About a month ago, I was on a plane by myself and in the seats next to me were a mother and her fifteen month and four year old kids. I spent the plane ride entertaining the four year old, because the fifteen month old was screaming (LOUDLY) and he quieted down only if she walked up and down the aisle with him. I held the little one for a while, too, to give her a break. I'd like to think that was a pay it forward moment for me. Of course, I'm still looking for another opportunity to pass on the kindness that was given to me.

I love the Pay It Forward idea, and I think we all Pay It Forward, whether we do so consciously or not. So toot your own horn--when did you Pay It Forward? Or when did someone treat you to an act of random kindness? We'd love to hear your stories.


Caren Crane said...

Kirsten, this is an excellent topic! Right before the RWA National conference, I got an anonymous "You Can Do It" greeting card in the mail. I think I know who sent it, but haven't asked her about it. Why? Because she is someone who prefers to remain anonymous and really, me knowing doesn't change the glow I got when I read it!

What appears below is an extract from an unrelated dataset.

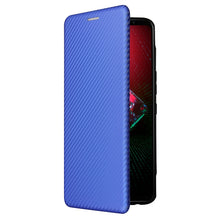 Load image into Gallery viewer, Carbon Fiber Texture Magnetic Horizontal Flip TPU + PC + PU Leather Case with Card Slot, For Asus ROG Phone 5, For Blackview BV6300 Pro, For Samsung Galaxy M62, For Samsung Galaxy F62, For Sony Xperia 1 III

That card made my day. Often, just knowing someone is thinking of you can change you're "I'm all alone" mindset and your attitude.

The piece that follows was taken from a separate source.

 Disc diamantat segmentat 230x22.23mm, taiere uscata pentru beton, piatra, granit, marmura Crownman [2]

My paying it forward is most often done in restrooms. Public restrooms, the ones at work, etc. I can't stand it when people leave water all over the counters (so you get soaked when you accidentally brush against it) or unflushed toilets or whatever.

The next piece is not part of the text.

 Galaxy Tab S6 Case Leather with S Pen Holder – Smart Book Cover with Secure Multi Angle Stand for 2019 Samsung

Since I am well-educated about how hard it is to actually *catch* anything from a bathroom (unless you don't practice handwashing), I take the time to flush the unflushed, mop up other people's water and handsoap and generally make the bathroom-visiting experience more pleasant for the next people. I get nothing from this but the satisfaction of leaving a place cleaner than I found it. That is a Girl Scout adage I live out every day!

Anonymous said...

Caren, I can honestly say that I never considered paying it forward in a public restroom! Girl, you are one of a kind. :-) Next time I walk up to a counter and it's clean and dry, I'll think of you!

Christine Wells said...

That was a great story, Kirsten and a truly noble gesture. Where were you on my 25 hour flight to England with a one year old?*g*

I had an example of pay it forward only yesterday. I well remember the kind of panicked scramble I had for cover quotes for my first book. I was on holidays at the beach with very little opportunity for internet access when the message came through that I had to get author quotes 'yesterday'. Among others I asked the wonderful Mary Balogh, who was so charming and gracious--you'd never know what a legend she is from her demeanour--and Anne Gracie, who had 2 books scheduled for the same deadline about a month away, but she still agreed to read Scandal's Daughter for me, because Stephanie Laurens had once done the same for her. There were many others (thanks Foanna!) who put themselves out to read my book and give me wonderful quotes.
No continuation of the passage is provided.